▶ **Input data**:
┌──
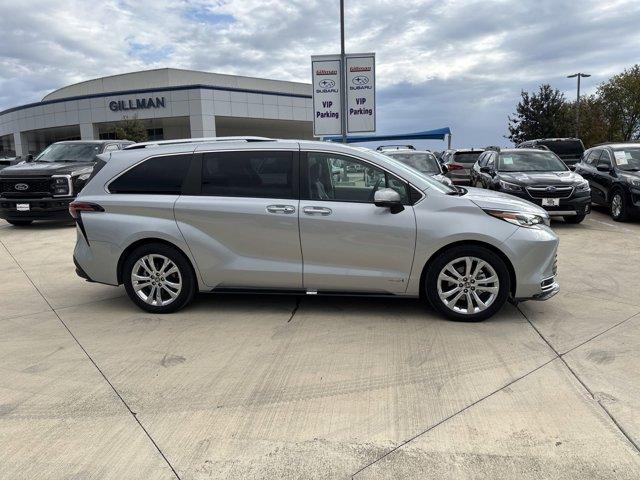 2021 toyota sienna limited 7-passenger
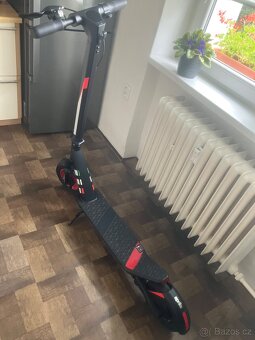 Elektrická koloběžka Aprilia eSR2 - 5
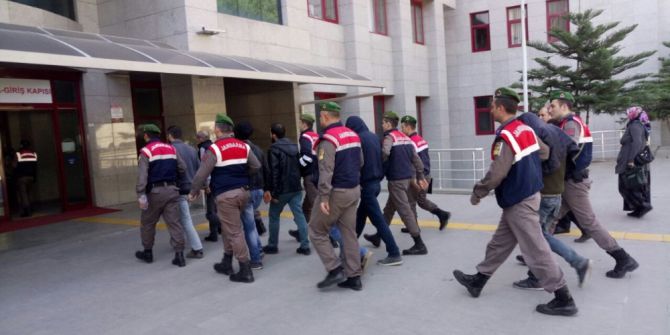 Manavgat’ta Hırsızlık Zanlıları Yakalandı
└──
▶ **Task directions**: Without any of the pictures, reproduce the listing above exactly.

▶ **Answer area**:
 2021 toyota sienna limited 7-passenger
 Elektrická koloběžka Aprilia eSR2 - 5
 Manavgat’ta Hırsızlık Zanlıları Yakalandı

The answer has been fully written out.